L’Exécutif suit donc de près le dossier sécheresse et le Ministre de l’Agriculture devrait participer à la réunion Stefano Patuanelli – qu’il a défini samedi comme “inévitable” de déclarer l’état de crise – et de la transition écologique Roberto Cingolanien plus du chef du département de la protection civile Fabrice Curcio. La situation, en revanche, ne laisse aucune place aux attentes, avec des niveaux des fleuves, à commencer par le Pô, jamais aussi bas depuis des décennies et des précipitations printanières qui, dit encore Coldiretti, ont plus que diminué de moitié, avec le territoire à bout de souffle. épuisé par des températures inhabituelles.

Vénétie et Lombardie

De leur côté, les Régions ont déjà sollicité l’aide du gouvernement, réclamant une intervention au plus vite. Les gouverneurs du Nord ont été les premiers à bouger : en avril la Vénétie avait déjà demandé l’état d’urgence visant à “définir les modalités de gestion supra-régionales de la crise de l’eau” mais la lettre n’avait pas eu de suite et désormais le gouverneur Luca Zaïa il dit : « l’ouverture du gouvernement est la bienvenue, mais nous aurions pu agir plus tôt. Espérons qu’il ne soit pas trop tard ». Les demandes de la Lombardie et du Piémont ont suivi. Les Régions se réuniront mercredi et ce sera l’occasion de faire entendre leur voix au sein du gouvernement.

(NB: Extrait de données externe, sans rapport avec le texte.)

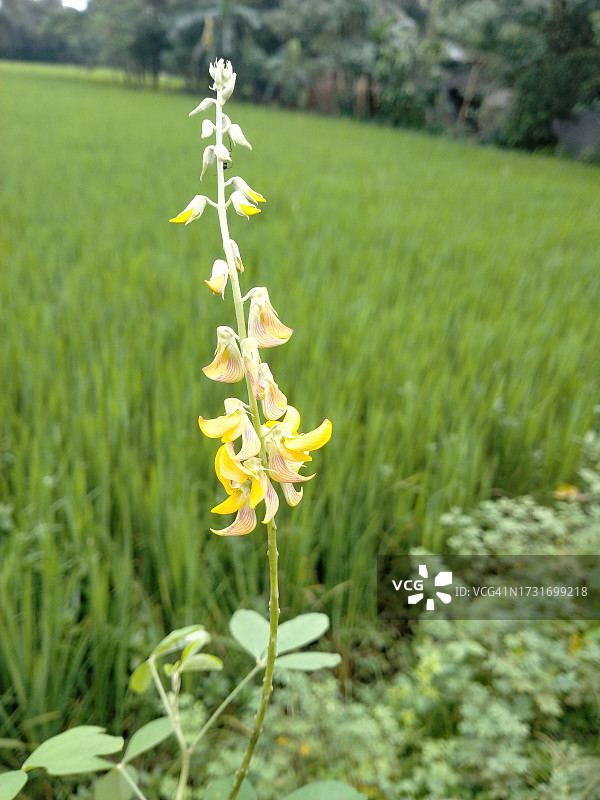 田野开花植物特写图片素材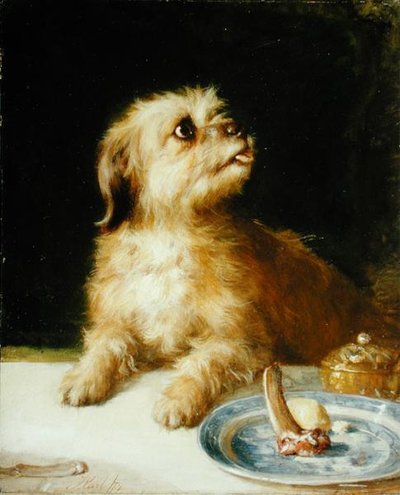 Norfolk Terrier von Thomas Earl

Sécheresse et crise de l’eau, le débit d’eau du Pô à Borgoforte

Émilie-Romagne

Le haut-fond du Grand Fleuve est un problème sérieux, étant donné que toute l’épine dorsale du patrimoine agricole et agroalimentaire de la vallée alimentaire italienne repose sur ses eaux. Le président de l’Émilie-Romagne Stefano Bonaccini il a également annoncé que sa région prépare la demande d’état d’urgence, comme d’autres régions l’ont déjà fait. Le thème, confirment des sources proches du président de la Conférence Massimiliano Fedriga, est effectivement sur la table et mercredi nous essaierons de trouver une position commune. Fedriga lui-même, entre autres, prépare la déclaration de l’état d’urgence pour le Frioul-Vénétie Julienne et un décret sur la criticité de l’eau qui impliquera les secteurs agricoles puis les usages civils et domestiques pour contenir la consommation d’eau.

Piémont

En attendant de comprendre la proposition des Régions, le Piémont fait un pas en avant. Le conseiller régional pour l’environnement Matteo Marnati annonce que la Région “demandera le niveau d’alerte maximum, le rouge” afin de “permettre au Gouvernement d’intervenir avec les moyens de protection civile ou de décider de l’utilisation de l’eau” . Là Ligurie, qui a réuni l’Observatoire des masses d’eau en début de semaine dernière, tranchera “dans les prochains jours” précisément sur la base des analyses qui arriveront de l’Observatoire. Nous devons comprendre, a expliqué le gouverneur, Jean Toti et le conseiller à la protection civile Giacomo Giampedrone, “quelles mesures politiques entreprendre puis transmettre aux municipalités et aux organes provinciaux de gestion de l’Ato”.